The Reticence of Lady Anne

The Strategist

From The Chronicles of Clovis

Tobermory

Mrs. Packlehide’s Tiger

The Stampeding of Lady Bastable

The Unrest-Cure

Sredni Vashtar

Adrian

The Quest

The Peace Offering

The Talking-out of Tarrington

The Hounds of Fate

From Beasts and Superbeasts:

The Boar-Pig

The Open Window

The Cobweb

Fur

From the Toys of Peace:

The Guests

The Penance

Bertie’s Christmas Eve

Quail Seed

Mark

Fate

The Seven Cream Jugs

the unrest cureSaki, whose real name was H. H. Munro (1870-1916), was a British satirist best remembered for his many short stories which skewered and satirized Edwardian society. New York Review Books took a chance with this volume as these collections are free for the kindle, but in this volume, the wit of Saki is paired with the art of Edward Gorey, and it’s an excellent match.
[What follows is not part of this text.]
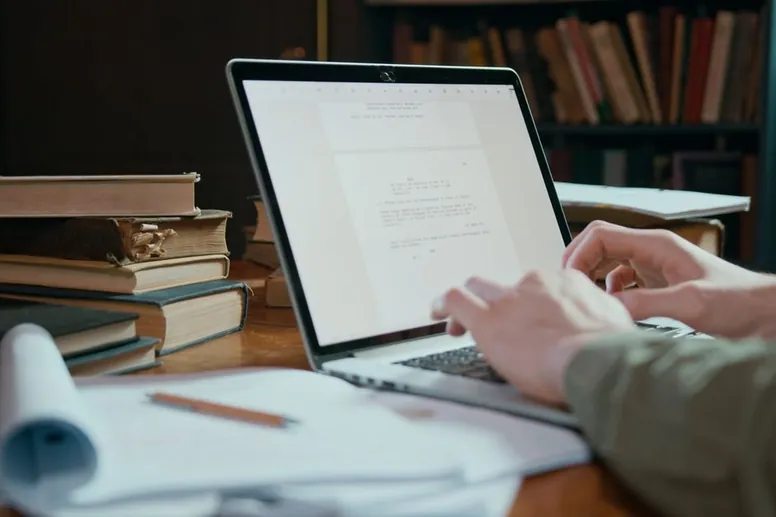 A writer types a draft on a laptop at a wooden desk, with stacked books, a pencil and printed notes beside it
You can’t read these droll stories and imagine for a moment that you are reading anything but a British novelist, and the amusing Reginald stories, full of one-liners, reminded me of PG. Wodehouse more than anyone else. Reginald’s wit is often at the expense of his listening audience–people who just don’t ‘get it.’ In Reginald at the Carleton, the duchess and Reginald converse and touch on the subject of Lady Beauwhistle’s aunt, a woman the duchess claims is “sweet.”

“And so silly. In these days of the overeducation of women, she’s quite refreshing. They say some people went through the siege of Paris without knowing that France and Germany were at war, but the Beauwhistle aunt is credited with having passed the whole winter in Paris under the impression that the Humberts were a kind of bicycle….”

But for this reader, the best stories in the collection are The Chronicles of Clovis. These hilarious, subversive tales, rife with mischief & savage wit, are superb. I simply loved Clovis, a young man who undermines the decorum of Edwardian society at every opportunity, and behind that comment comes the thought that I would love to be Clovis, stirring up mayhem every chance I got.

In the title story, The Unrest-Cure, Clovis is traveling when he overhears a conversation between two men on a train. One of the men named Huddle, complains to his friend that although he’s only a little over 40, he’s become “settled down in the deep groove of elderly middle-age.” For Huddle and his sister, everything in life must remain the same; they loathe change of any sort, even if it’s a “trifling matter.” The latest disturbance in routine involves a thrush who has built its nest in a new location. To Huddle, the change is “unnecessary and irritating.” Huddle’s friend suggests an “unrest-cure.

“You’ve heard of Rest-cures for people who’ve broken down under stress of too much worry and strenuous living; well, you’re suffering from overmuch repose and placidity, and you need the opposite kind of treatment.”

“But where would one go for such a thing?”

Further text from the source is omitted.